NEW YORK – A University of Oxford-led team is turning to identify-by-descent (IBD) features found in UK Biobank participant genotypes to dial in on disease or trait associations involving ultra-rare variants — associations that are apt to be missed in genome-wide association studies based on common variants.
At the American Society of Human Genetics virtual meeting on Thursday, University of Oxford statistics researcher Georgios Kalantzis outlined an IBD-based strategy for finding pathogenic, loss-of-function mutations associated with a given trait or condition by digging into stretches of shared IBD sequence in individuals profiled by array-based genotyping who have not necessarily been sequenced.
"If we pick two random individuals and analyze their genealogies, we will eventually reach a common ancestor," Kalantzis said, noting that IBD sequences from seemingly distant but evolutionarily close relatives can contain recent mutations, including rare variants.
To explore these regions, he and his colleagues came up with a new two-step analytical tool called "fast sequentially Markovian coalescent," or FastSMC, designed for finding and validating stretches of sequences inherited from a shared ancestor in related individuals within large biobank collections.
The researchers found some 214 billion IBD segments stretching back to as many as 50 generations in haploid genome sequences from the full UK Biobank collection, for example, and used these sequences to look at population structure within populations in the region.
They also demonstrated that it was possible to predict ultra-rare variant sharing in more than 487,000 genotyped UK Biobank participants with phased genomes — results backed up by their analyses on protein-coding sequences from a subset of 49,000 individuals who had their exomes sequenced for a UK Biobank pilot effort.
"Individuals sharing IBD segments with known carriers of pathogenic mutations are also likely carriers of these variants (by inheriting them from a shared ancestor) and are thus at increased risk for disease," Kalantzis and co-authors wrote in the ASHG presentation abstract. "IBD sharing can therefore be utilized to detect association between complex traits and causal variants, even when these have not been fully sequenced."
Indeed, after using IBD profiles, "loss-of-function segment burden" scores, and other analyses to impute variant patterns in up to almost 500,000 genotyped or exome-sequenced UK Biobank participants, the team demonstrated that it was possible to track down 29 loci with exome-wide significant associations between rare and ultra-rare variants and seven measurable blood traits in some 303,000 genotyped individuals from the biobank.
A handful of the associations involved loci that were also picked up with data from the pilot exome sequencing study, Kalantzis noted, and the IBD-based associations appeared to overlap to some extent with genes and loci found in past genome-wide association studies on specific blood traits.
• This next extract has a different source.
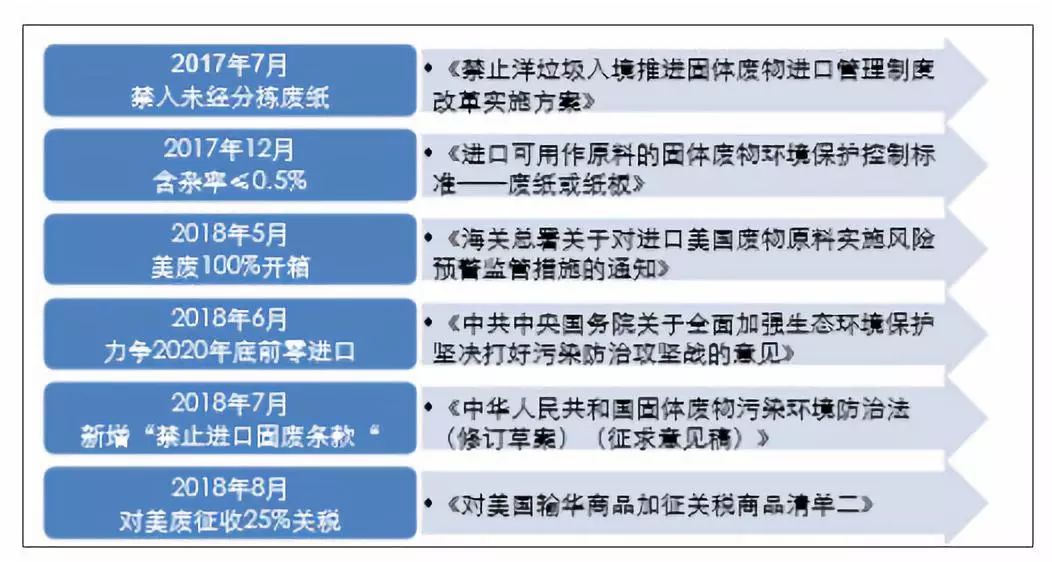 新澳门资料大全最新版本更新内容,收益说明解析_4K版52.128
But the IBD-based strategy also led to previously unappreciated blood trait loci.
"This analysis highlights the utility of leveraging IBD detection in a hybrid sequenced/genotyped cohort to both identify novel associations and characterize the contribution of rare genomic variation in the architecture of complex heritable traits," he and his co-authors wrote.
In a related conference presentation, University of Oxford statistician and human genetics researcher Pier Palamara provided additional details on the types of investigations being done by uncovering relatedness among individuals from a given populations, including examples of analyses based on IBD and time to most recent common ancestor using biobank data from the UK, Japan, and the Netherlands.
Analyses hinging on IBD and other evolutionary features are also showing promised for uncovering complex trait contributors, population structure, historical demographic patterns, and natural selection pressures that different populations have faced, he explained.
Large and diverse biobank collections are needed for such analyses because of the distinct geographic, environmental, and demographic events that have helped shape the human genome in populations from different parts of the world.
"Human populations, as we know, have been somewhat isolated from each other in recent history, which means that we're looking for variants that are private to different populations, and also low frequency," Palamara said. "So we need large data sets to be able to observe them."
Based on IBD sharing and postal code data for UK Biobank participants, for example, Palamara, Kalantzis, and their team narrowed in on specific stretches of IBD sequence that could be used to place randomly selected individuals from the biobank to within a median of around 45 kilometers (30 miles) of their birthplace, based on their genome sequence.
The researchers shared similar results, along with findings from the IBD-based blood trait association and other applications of the FastSMC analytical tool, are described in a preprint posted to BioRxiv this spring. They also developed a publicly available website for visualizing and exploring some of the fine-scale population features that are being teased out of the biobank data with FastSMC analyses of IBD sequences, particularly geographic regions within the UK that have contained related pairs of individuals over time.
"[L]ooking at downstream applications, a direction of future work will be to leverage FastSMC to better control for subtle population stratification for both rare and common variants in association studies," they noted in the manuscript. "Our results show that birth coordinates can be effectively inferred from recent IBD sharing, and suggest that this may be a path towards capturing subtle environmental covariates that are missed by genome-wide [identical-by-state]-based approaches."